There are active beavers on this portion of the river. I see several of them swimming back and forth in front of me, and hear a few others ker-plunking into the water from shore. The river travel here is wider and easier to follow than yesterday, however there are many large rocks just below the surface in the section east of the Louse river rapids. I run through a little beaver dam riffle in this section, and I let out a little “Whoop!” As I feel the canoe pick up just a bit of speed going through. In addition to the beavers, I spy a dark eyed junco hyperactively flitting about near the shore.
On one of the portages along the river just west of Trail is a steep 18-24” step down off of a boulder, but otherwise these portages are relatively straightforward. On another portage, I find a large clump of sweet gale and crush a few leaves in my hands to inhale its pungent aroma.
The landing for the portage around the Louse River “rapids” noted by McKenzie is located on the left (east) side of the rapids, and is a bit rocky. With the higher water levels, I carefully paddle to a suitable spot before disembarking and beginning to portage. The portage requires a walk through some shallow but rapidly moving water over a smooth but not too slick rock. After a short river paddle, the portage into Boze is up next, which is another portage experience that has been “enhanced” by beaver activity. I encounter a gigantic beaver swamp early on in the portage, and follow my notes which say to expect a longer paddle through the swamp. I run through one beaver dam that likely requires a lift over in low water conditions. The landing to exit the swamp is to the right of the large beaver dam at the west end, and is quite difficult, as it is in some current near some large boulders that sit in the swamp just after passing a sheer rock face.
After the swamp, the portage is a lovely one next to several sets of rapids on the river.

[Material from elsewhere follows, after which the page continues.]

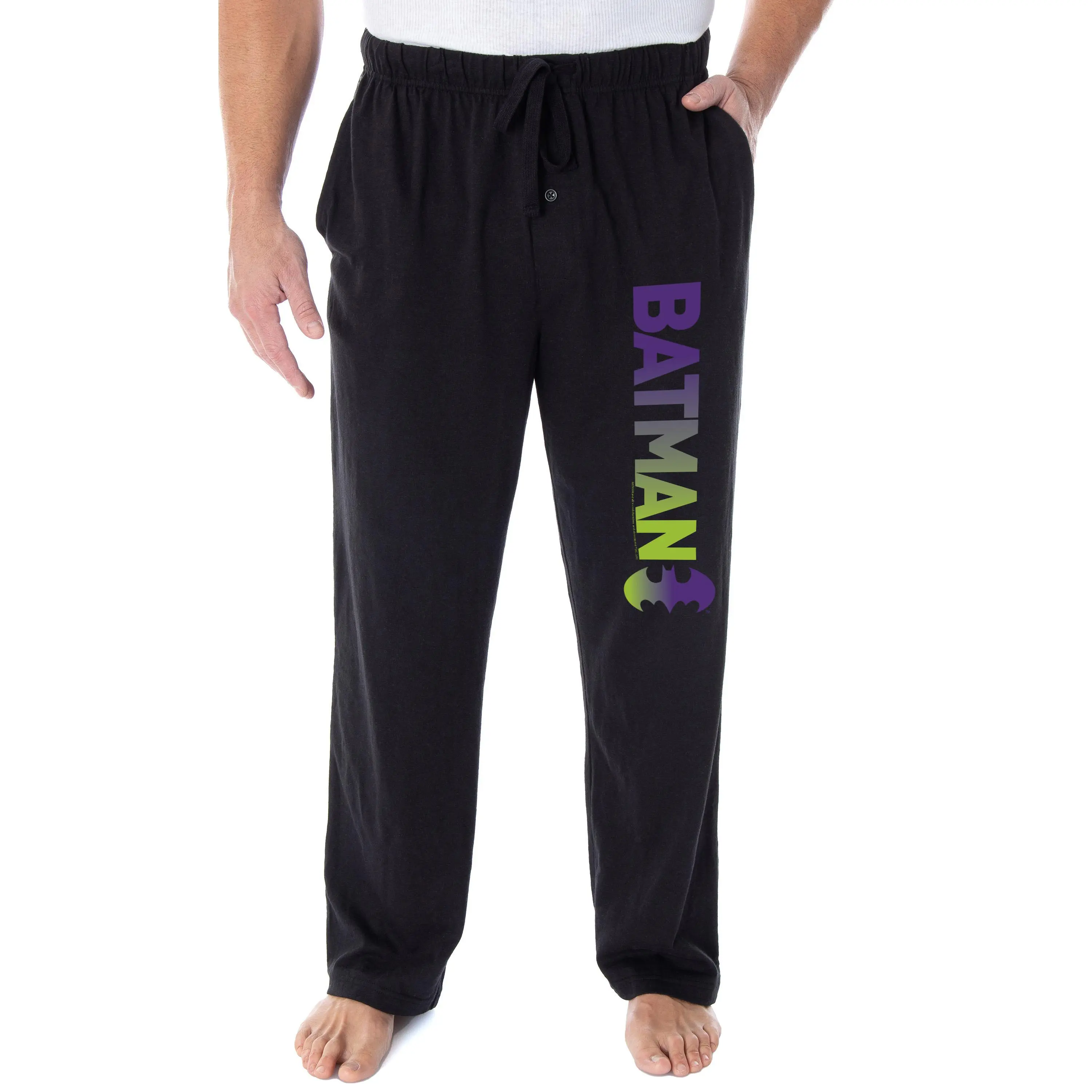 DC Comics Men's Batman Pajama Pants Ombre Script Logo Loungewear Sleep Pants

I’m feeling energetic and confident as I feel the sun shining and hear the rapids churning far below. When I come across a deadfall jack pine across the portage, I take the time to clear the path with my saw. I also spy a colony of Ground Cedar Clubmoss on this portage. It’s not even 9:00 A.M. and I am making good time through these “goodbye” portages on the Louse. On the Boze end, the landing is also a rough one with deep water and some trees that make maneuvering the canoe into the water more difficult. Fortunately by this point, I am quite used to wet feet. Ahead I plan to stop on Boze to investigate the lone campsite and enjoy my breakfast. All is quite well.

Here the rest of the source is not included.